--- DATA SHOWN ---
+===+

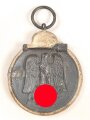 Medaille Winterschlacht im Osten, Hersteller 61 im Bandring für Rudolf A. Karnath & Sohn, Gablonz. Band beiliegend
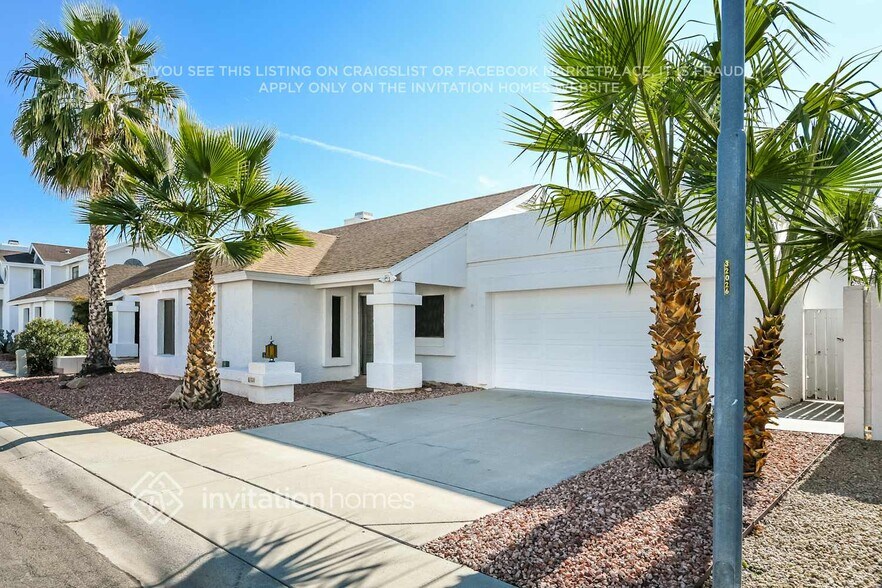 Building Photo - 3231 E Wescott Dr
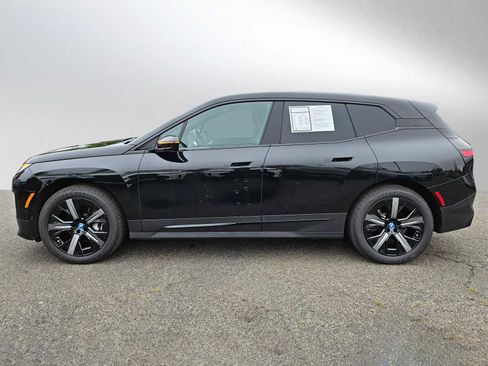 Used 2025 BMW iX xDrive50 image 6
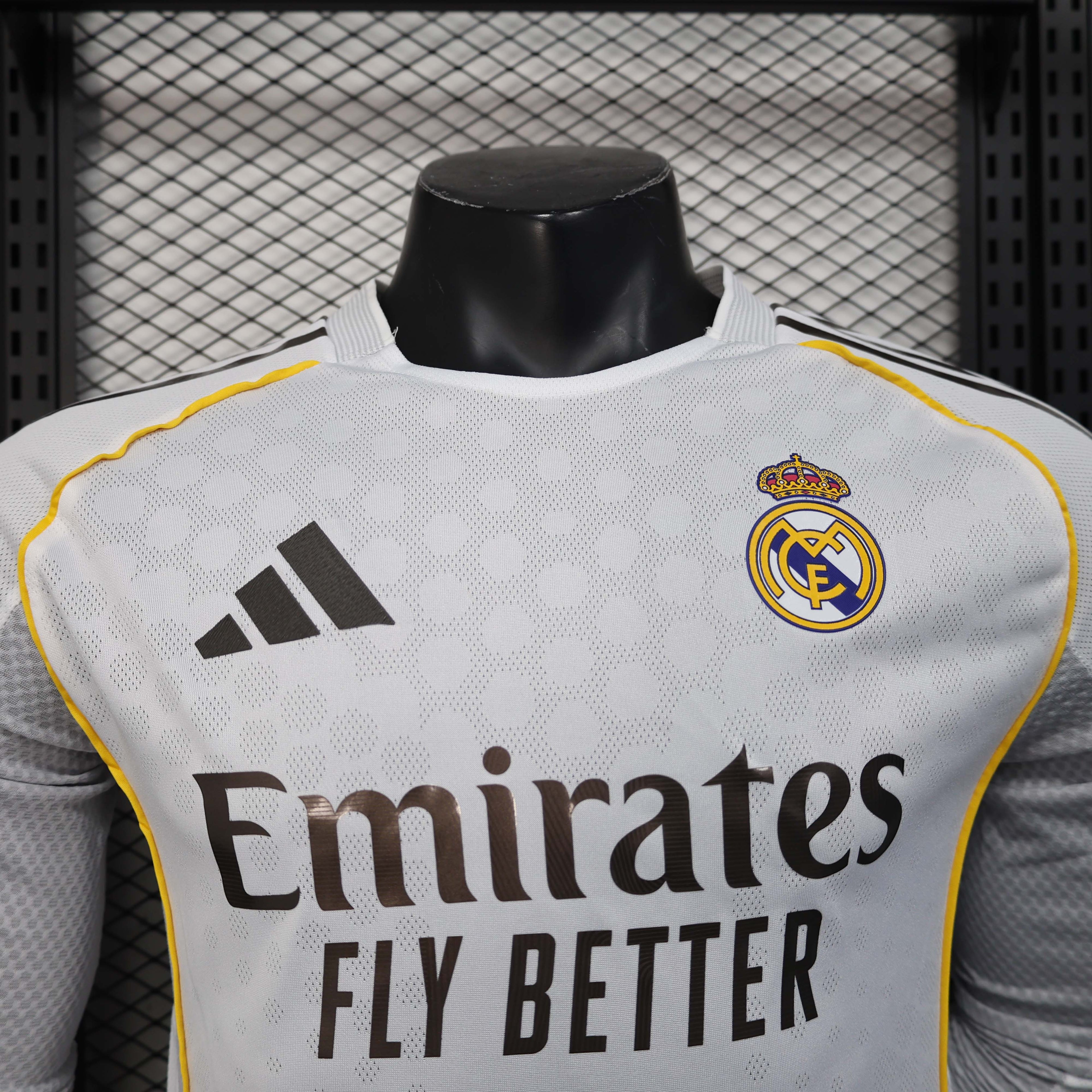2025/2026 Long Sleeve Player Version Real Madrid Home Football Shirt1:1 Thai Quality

+===+

Within the listing above, find the line containing "Building Photo - 3231 E Wescott Dr", then print it and every line after it exactly, leaving out pictures.

--- ANSWER TO THIS EXERCISE ---
 Building Photo - 3231 E Wescott Dr
 Used 2025 BMW iX xDrive50 image 6
2025/2026 Long Sleeve Player Version Real Madrid Home Football Shirt1:1 Thai Quality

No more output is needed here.